L’acquisition d’une centrale photovoltaïque en exploitation présente des avantages indéniables. L’investisseur dispose notamment d’un historique de production, d’équipements déjà en fonctionnement et, selon le modèle économique du projet, d’un contrat de vente d’électricité ou d’un mécanisme de rémunération déjà en place. Toutefois, ce sentiment de sécurité ne suffit pas à garantir la valeur réelle de l’actif ni à déterminer si son prix de vente est cohérent avec sa situation technique, contractuelle et financière. Une centrale peut afficher une production satisfaisante tout en dissimulant des investissements importants à court terme, un contrat O&M insuffisant, des équipements vieillissants, une fragilité foncière ou encore certaines contraintes liées au raccordement.
C’est précisément à ce stade qu’intervient la due diligence photovoltaïque.

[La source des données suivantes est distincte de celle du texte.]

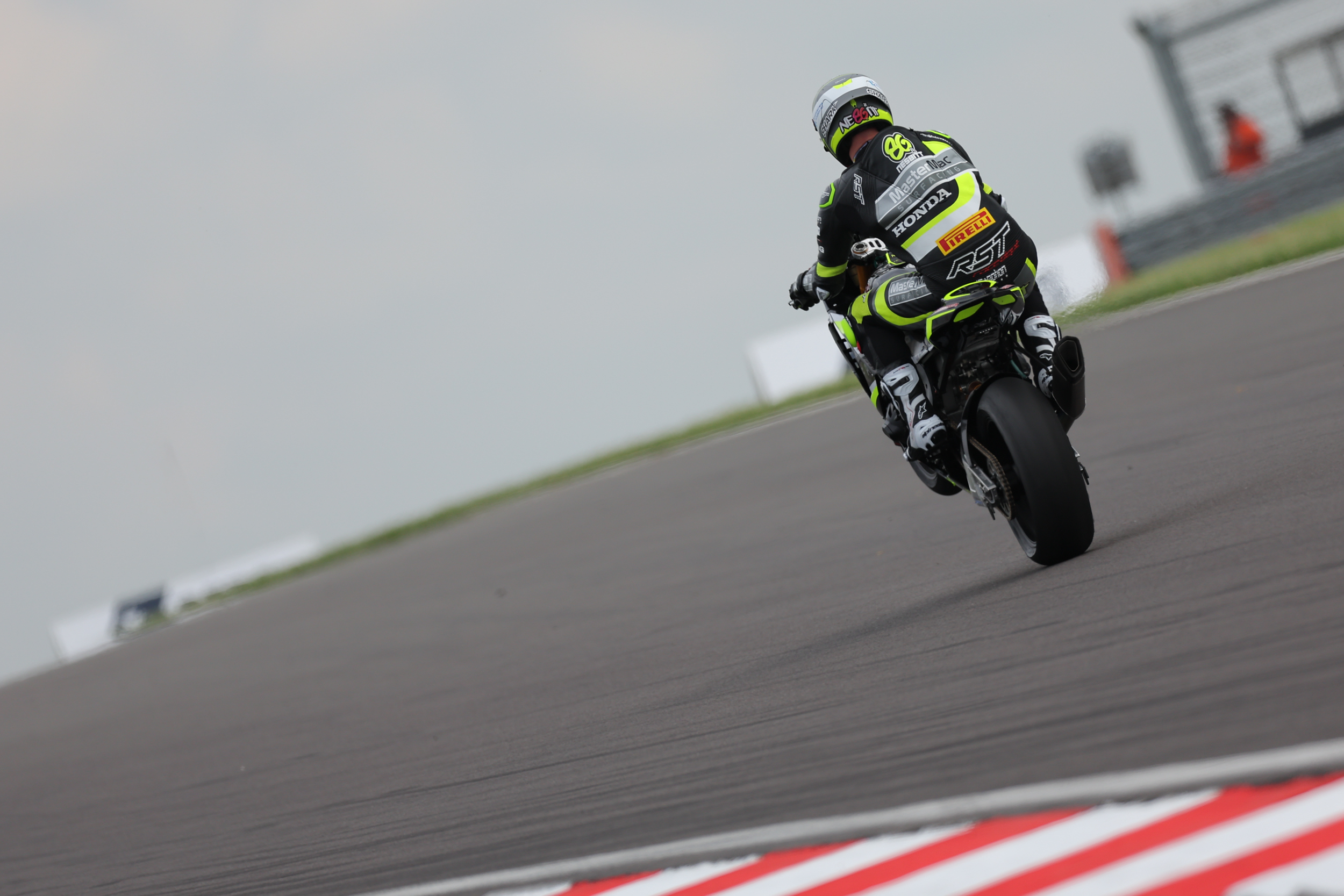 Vickers Leads The Pack As Bennetts British Superbike Championship Kicks Off At Donington Park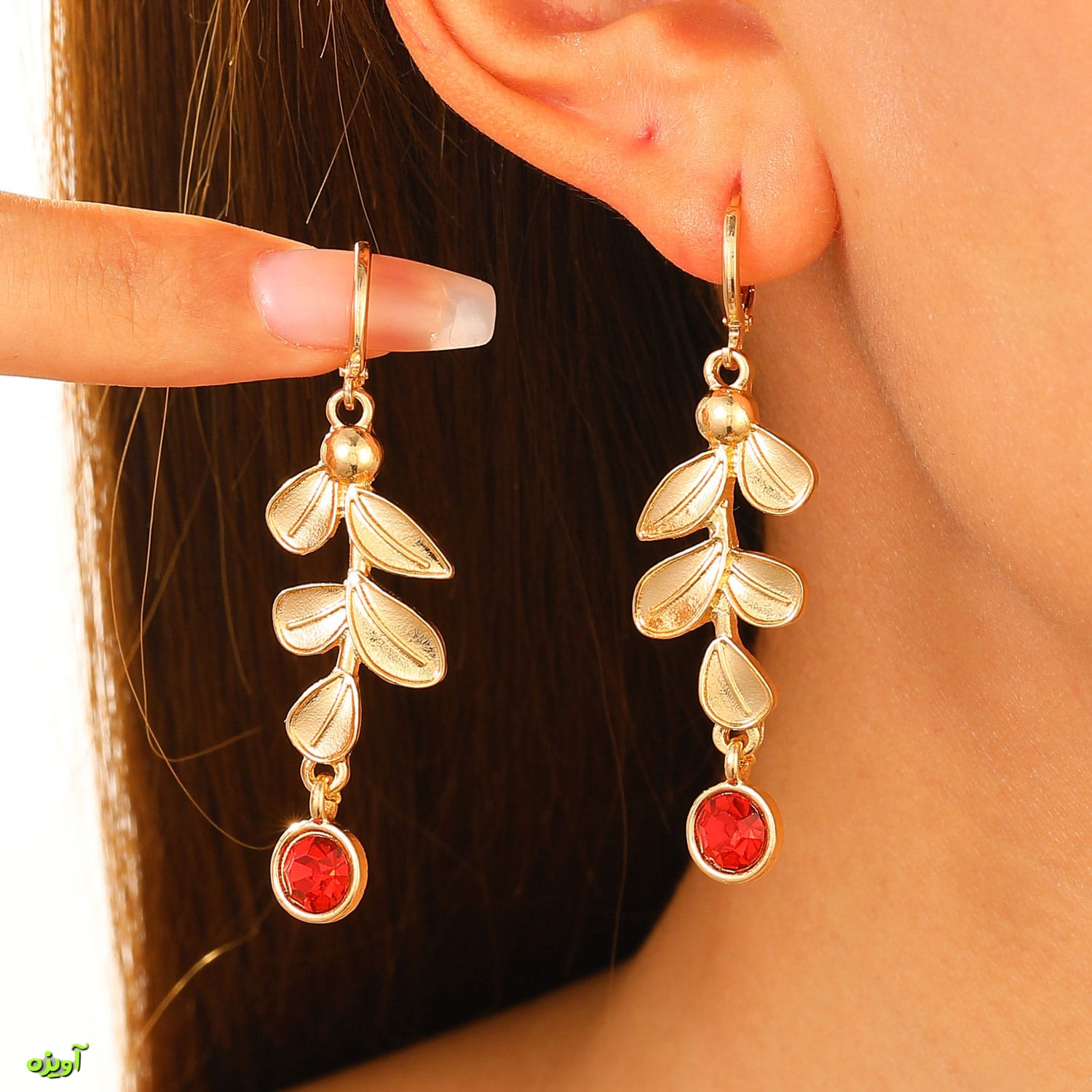 گوشواره برگی نگین دار کد 1088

Elle regroupe l’ensemble des vérifications nécessaires avant une transaction afin d’objectiver les risques, les performances futures et la valeur d’un actif. Acheter une centrale photovoltaïque existante ne consiste donc pas uniquement à vérifier si elle produit correctement. Il faut s’assurer que son prix d’acquisition reflète réellement ses revenus futurs, son état technique et les dépenses nécessaires à la poursuite de son exploitation.
Pourquoi la seule production d’électricité photovoltaïque ne suffit-elle pas à sécuriser votre actif ?
Voir plusieurs années de production satisfaisantes rassure naturellement un investisseur. Pourtant, se fier uniquement aux volumes d’électricité produits constitue une analyse incomplète. La production d’une centrale photovoltaïque dépend notamment de l’irradiation reçue chaque année. Une année particulièrement ensoleillée peut ainsi masquer une dégradation de performance, tandis qu’une année moins favorable peut donner l’impression qu’une centrale sous-performe alors que ses équipements fonctionnent correctement. Il faut donc distinguer la production brute de la performance réelle de l’installation.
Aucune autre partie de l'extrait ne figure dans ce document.